Credit Crisis Continues
HOLLYWOOD may love to churn out sequels but markets do not think much of them. Almost four months after the rescue of Bear Stearns, investors are again grappling with worries about the health of the banking industry. The spreads, or excess interest rates, on the riskiest corporate bonds are almost back to the levels last seen in March.
Each day brings new sources of alarm. On July 7th shares in Freddie Mac and Fannie Mae, the American housing-finance giants, were pummelled on account of a Lehman Brothers report which suggested, if accounting rules were strictly applied, that the government-backed firms would have to raise $75 billion between them. Although Lehman thought the rules would not actually be applied to Fannie and Freddie, that was brushed aside by sellers determined to assume the worst. Meanwhile, an American mortgage lender, IndyMac Bancorp, was told by regulators that it had insufficient capital. It is now slashing its loan book.

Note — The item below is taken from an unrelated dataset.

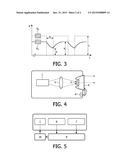 EYE-SAFE LASER-BASED LIGHTING diagram and image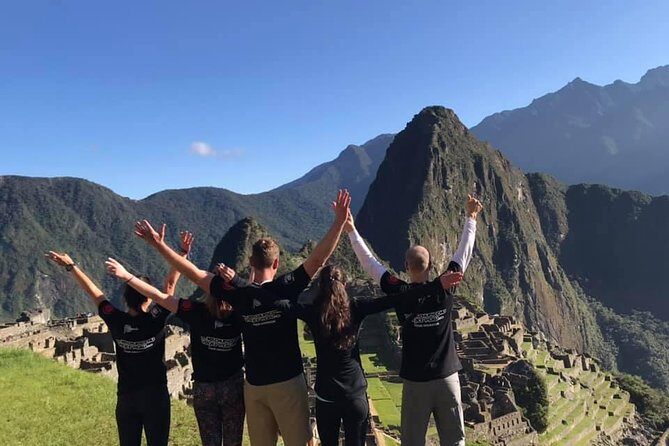 2 Days Machu Picchu Tour from Cusco - Price and value: what $475 really buys you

Although this week’s commitment by Ben Bernanke, chairman of the Federal Reserve, to extend the Fed’s lending window to investment banks into 2009 may offer some reassurance, investors still worry that medium-sized American banks may be allowed to go bust; after all, they are neither too big nor too complex to fail. And in Britain the share price of Bradford & Bingley, a mortgage bank, sank even further, dropping a long way below the rights-issue price and reopening debate about its future.

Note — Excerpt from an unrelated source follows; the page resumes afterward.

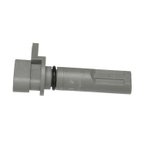 Standard Ignition PC275 Engine Crankshaft Position Sensor - Upper - view 6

For credit markets, these banking problems are doubly ominous. They will cause the industry to cast about for more capital, but there is no reliable source of supply. If Bradford & Bingley is any indication, investment banks will have grown more cautious about underwriting rights issues. Hedge funds, another potential source of capital, are funded by the banks themselves. Fund-management groups, according to a recent Merrill Lynch poll, mean to be underweight bank shares.

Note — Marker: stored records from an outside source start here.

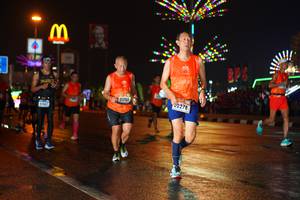 BIB: 21763, 22278
                            <button type="button" onclick="openModal(16185338)" class="btn btn-primary btn-sm float-right btn-popup" data-toggle="modal" data-target=".modal-high-quality">
                        <i class="fas fa-shopping-cart"></i> Add to Cart
                    </button>
                                            <button type="button" onclick="isThisMe(16185338, true)" class="btn btn-success btn-sm float-right btn-popup btn-isme hidden" data-toggle="tooltip" data-placement="bottom" title="นี่คือรูปของคุณใช่ไหม คลิกที่นี่เพื่อเอาเข้าอัลบั้ม">
                        <i class="fas fa-plus"></i> Add to album
                    </button>
                    <button type="button" onclick="isThisMe(16185338, false)" class="btn btn-warning btn-sm float-right btn-popup btn-isnotme hidden">
                        <i class="fas fa-ban"></i> Remove from album
                    </button>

That leaves the sovereign-wealth funds as the only investors with cash to spare. But such funds are still licking their wounds, having provided capital to banks last year at share prices well above today’s.
The banks’ problems feed back into the credit markets. For if the banks cannot raise as much capital as they need, they may feel they have to sell assets. And that may mean off-loading corporate and asset-backed bonds, even if the banks must accept fire-sale prices. The ABX index of asset-backed bonds is below the level that it sank to in March.
Analysts tend to agree that spreads are much higher than are needed to compensate investors for the likely default rate. According to Moody’s, a ratings agency, the default rate over the past 12 months on global speculative, or junk, bonds was just 2%; the only company outside America to walk away from its debt was a Bulgarian steelmaker. Jim Reid, a credit strategist at Deutsche Bank, quips that, if the spreads on investment-grade debt accurately reflect default rates, everyone will end up living in caves.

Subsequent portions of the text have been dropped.